Encyclopedia of World Biography | 2004 | Copyright 2004 Gale, Cengage Learning. All rights reserved. (Hide copyright information) Copyright

Thomas J. Watson

Thomas J. Watson (1874-1956), American business executive, assumed the management of International Business Machines in 1914 and built it into one of the world's largest corporations.

Thomas J. Watson was born Feb. 17, 1874, in Campbell, N. Y. He attended the Adison Academy but turned down his father's offer to pay his college expenses. Instead, he took a short course in the Elmira School of Commerce and became a salesman in Painted Post, N.Y.

In 1898 Watson joined the fast-growing National Cash Register Company as salesman. His first efforts were less than spectacular, but he received encouragement from his superiors, who realized the difficulty of the product market. During the next 15 years he moved steadily up the ladder, eventually becoming general sales manager. While working on advertising material, Watson produced a sign which read "THINK." This attracted John Patterson, the company's founder, who ordered copies for all offices.

Watson left National Cash Register in 1913 after a dispute over an antitrust legal issue and became president of Computing-Tabulating-Recording Company. The firm was a small holding company which controlled four other small firms that produced a punch-card tabulator, time clocks, and other machines. About this time Watson married Jeannette M. Kittredge, who bore him four children.

One of Watson's first tasks with his new firm involved the negotiation of a loan for expansion. Watson, like many other businessmen of his era, embraced the concept of research and development, and much of the borrowed funds went into an engineering laboratory. From this and other laboratories came new machines such as the key punch, card sorters, tabulators, and eventually the computer. In 1924 the firm merged with International Business Machines Corporation (IBM) and took its name. The success of Watson's leadership is dramatically revealed by investment data. One hundred shares, which would have cost $2, 750 in 1914, by 1956 were equivalent to 3, 990 shares valued at $2, 164, 000. By 1941 IBM held nearly 1, 400 patents on various types of business machines.

Having been a salesman, Watson placed great emphasis on that area of company activity. He insisted that IBM salesmen know how to install and service products as well as sell them. Labor conditions and benefits were always regarded as excellent.

IBM became a virtual monopoly, largely because of its patents and because the firm chose to rent its equipment rather than sell it. In 1952 the Federal government instigated an antitrust suit against IBM, charging that the firm controlled over 90 percent of all the tabulating machines in the country. The company agreed to a consent decree in 1956, by which competition was ensured.

Watson had many other interests outside the business world. For many years he served as a trustee for Columbia University. He participated in many ways to encourage and support the fine arts and gave financial assistance to all religious groups. He served as president of the International Chamber of Commerce.
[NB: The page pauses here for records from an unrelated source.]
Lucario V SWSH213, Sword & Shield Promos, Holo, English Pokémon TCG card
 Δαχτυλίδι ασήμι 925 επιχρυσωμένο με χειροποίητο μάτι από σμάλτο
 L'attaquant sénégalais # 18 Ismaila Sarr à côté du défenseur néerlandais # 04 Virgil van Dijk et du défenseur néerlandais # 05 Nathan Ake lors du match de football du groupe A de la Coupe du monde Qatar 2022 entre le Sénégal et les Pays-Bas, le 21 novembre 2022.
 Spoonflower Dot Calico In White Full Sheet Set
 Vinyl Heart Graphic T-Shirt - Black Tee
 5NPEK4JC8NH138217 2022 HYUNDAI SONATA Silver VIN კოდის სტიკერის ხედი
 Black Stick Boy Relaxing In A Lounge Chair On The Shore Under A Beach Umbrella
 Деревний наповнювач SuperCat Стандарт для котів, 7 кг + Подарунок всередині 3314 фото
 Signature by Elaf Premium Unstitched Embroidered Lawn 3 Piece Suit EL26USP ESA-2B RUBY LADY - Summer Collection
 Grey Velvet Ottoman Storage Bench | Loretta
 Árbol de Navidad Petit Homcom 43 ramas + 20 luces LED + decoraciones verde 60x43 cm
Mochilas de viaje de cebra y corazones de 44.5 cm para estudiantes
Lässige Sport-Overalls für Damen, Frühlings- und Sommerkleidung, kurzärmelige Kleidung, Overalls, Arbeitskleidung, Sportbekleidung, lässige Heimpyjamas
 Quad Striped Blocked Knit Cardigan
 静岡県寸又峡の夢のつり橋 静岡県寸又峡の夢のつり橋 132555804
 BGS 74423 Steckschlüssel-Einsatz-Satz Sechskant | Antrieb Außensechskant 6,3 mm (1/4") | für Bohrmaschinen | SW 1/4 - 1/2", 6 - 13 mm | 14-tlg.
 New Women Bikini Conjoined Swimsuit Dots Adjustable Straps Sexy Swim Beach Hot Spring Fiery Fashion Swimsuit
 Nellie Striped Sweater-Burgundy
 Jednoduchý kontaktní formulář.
Watson acted as an adviser to several U.S. presidents. He died on July 19, 1956, in New York City.

Further Reading

Two biographies of Watson are Thomas Graham Belden and Marva Robins Belden, The Lengthening Shadow: The Life of Thomas J. Watson (1962), and William Rodgers, Think: A Biography of the Watsons and IBM (1969).

Additional Sources

Simmons, W. W. (William W.), Inside IBM: the Watson years: a personal memoir, Bryn Mawr, Pa.: Dorrance, 1988.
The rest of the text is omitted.